PROBLEM STATEMENT: Exactly as written, return every line of the data below.

TASK INPUTS START

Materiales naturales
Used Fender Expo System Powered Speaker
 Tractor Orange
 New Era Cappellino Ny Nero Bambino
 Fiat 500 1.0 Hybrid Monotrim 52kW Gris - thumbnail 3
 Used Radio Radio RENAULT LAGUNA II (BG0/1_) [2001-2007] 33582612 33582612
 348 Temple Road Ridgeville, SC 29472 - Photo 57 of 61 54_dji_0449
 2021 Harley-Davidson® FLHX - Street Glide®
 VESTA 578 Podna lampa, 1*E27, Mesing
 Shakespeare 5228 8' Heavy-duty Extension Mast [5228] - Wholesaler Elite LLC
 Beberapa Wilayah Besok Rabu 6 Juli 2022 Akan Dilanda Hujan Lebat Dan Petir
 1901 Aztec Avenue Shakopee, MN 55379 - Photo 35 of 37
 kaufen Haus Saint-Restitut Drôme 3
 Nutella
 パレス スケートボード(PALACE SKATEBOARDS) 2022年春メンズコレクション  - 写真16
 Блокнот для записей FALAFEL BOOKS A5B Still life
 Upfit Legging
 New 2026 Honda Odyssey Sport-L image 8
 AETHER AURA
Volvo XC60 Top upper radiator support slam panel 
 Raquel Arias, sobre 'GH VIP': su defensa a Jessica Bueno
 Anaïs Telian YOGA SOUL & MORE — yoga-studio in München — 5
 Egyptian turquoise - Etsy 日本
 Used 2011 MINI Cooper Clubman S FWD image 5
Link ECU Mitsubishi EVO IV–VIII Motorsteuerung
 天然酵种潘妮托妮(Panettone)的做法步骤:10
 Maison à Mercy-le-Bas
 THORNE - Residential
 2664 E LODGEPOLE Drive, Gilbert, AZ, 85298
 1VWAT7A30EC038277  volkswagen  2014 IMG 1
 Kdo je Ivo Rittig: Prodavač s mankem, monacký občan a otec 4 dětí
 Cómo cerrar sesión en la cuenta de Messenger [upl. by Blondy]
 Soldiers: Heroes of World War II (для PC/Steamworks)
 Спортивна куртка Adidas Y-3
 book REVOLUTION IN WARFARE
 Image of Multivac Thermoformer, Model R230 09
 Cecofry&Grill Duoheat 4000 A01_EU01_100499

TASK INPUTS END

WRITTEN RESPONSE:
Materiales naturales
Used Fender Expo System Powered Speaker
 Tractor Orange
 New Era Cappellino Ny Nero Bambino
 Fiat 500 1.0 Hybrid Monotrim 52kW Gris - thumbnail 3
 Used Radio Radio RENAULT LAGUNA II (BG0/1_) [2001-2007] 33582612 33582612
 348 Temple Road Ridgeville, SC 29472 - Photo 57 of 61 54_dji_0449
 2021 Harley-Davidson® FLHX - Street Glide®
 VESTA 578 Podna lampa, 1*E27, Mesing
 Shakespeare 5228 8' Heavy-duty Extension Mast [5228] - Wholesaler Elite LLC
 Beberapa Wilayah Besok Rabu 6 Juli 2022 Akan Dilanda Hujan Lebat Dan Petir
 1901 Aztec Avenue Shakopee, MN 55379 - Photo 35 of 37
 kaufen Haus Saint-Restitut Drôme 3
 Nutella
 パレス スケートボード(PALACE SKATEBOARDS) 2022年春メンズコレクション  - 写真16
 Блокнот для записей FALAFEL BOOKS A5B Still life
 Upfit Legging
 New 2026 Honda Odyssey Sport-L image 8
 AETHER AURA
Volvo XC60 Top upper radiator support slam panel 
 Raquel Arias, sobre 'GH VIP': su defensa a Jessica Bueno
 Anaïs Telian YOGA SOUL & MORE — yoga-studio in München — 5
 Egyptian turquoise - Etsy 日本
 Used 2011 MINI Cooper Clubman S FWD image 5
Link ECU Mitsubishi EVO IV–VIII Motorsteuerung
 天然酵种潘妮托妮(Panettone)的做法步骤:10
 Maison à Mercy-le-Bas
 THORNE - Residential
 2664 E LODGEPOLE Drive, Gilbert, AZ, 85298
 1VWAT7A30EC038277  volkswagen  2014 IMG 1
 Kdo je Ivo Rittig: Prodavač s mankem, monacký občan a otec 4 dětí
 Cómo cerrar sesión en la cuenta de Messenger [upl. by Blondy]
 Soldiers: Heroes of World War II (для PC/Steamworks)
 Спортивна куртка Adidas Y-3
 book REVOLUTION IN WARFARE
 Image of Multivac Thermoformer, Model R230 09
 Cecofry&Grill Duoheat 4000 A01_EU01_100499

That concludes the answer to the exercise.